When this MySpace page got back to the grown-ups in my life, I was outed as an atheist in seventh grade. Some people were disappointed in me. Words like “atheist” and “agnostic” didn’t fly around my small town, and someone was concerned enough to alert my mother.
I was able to comfort some by claiming to be an “agnostic theist,” explaining big theology words I’d read online and offering some semblance of a belief in God. That was good enough for most people, but eyes were still on me as the questioning, pensive teen.
When I became a Christian in college, some people were disappointed in me.

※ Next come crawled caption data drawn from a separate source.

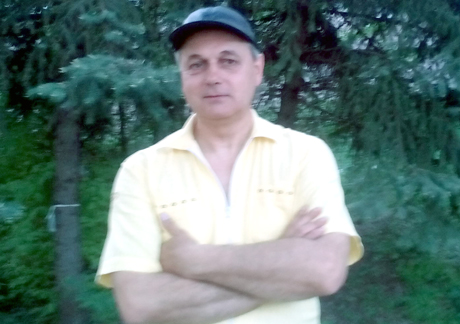 Lili2018MMarinov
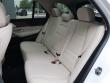 2026 Mercedes-Benz GLE 350 SUV
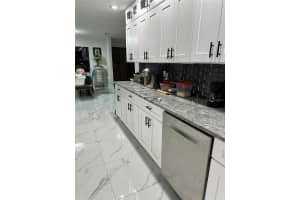 1815 EWELL ROAD, LAKELAND, FL 33811 - MLS#MFRTB8445165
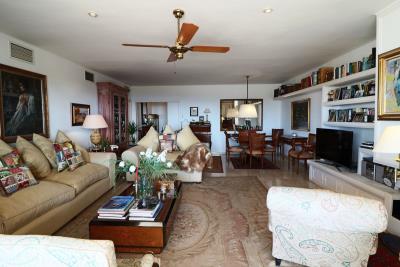 3-e898b2bb2a2fdfd06d2c39894dce8316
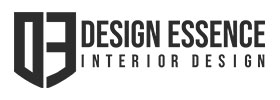 de logo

This was ten years ago, but I still remember friends who said they thought I was an intellectual and “should’ve been smarter than this.” They said they expected me to be beyond what they called fairytales and the brainwashing of religious thought.
The pattern you see in both these situations is a lesson I’m still learning today: when it comes to the decisions I make in my life, for my life—especially when it comes to what I believe and don’t—some people will be disappointed.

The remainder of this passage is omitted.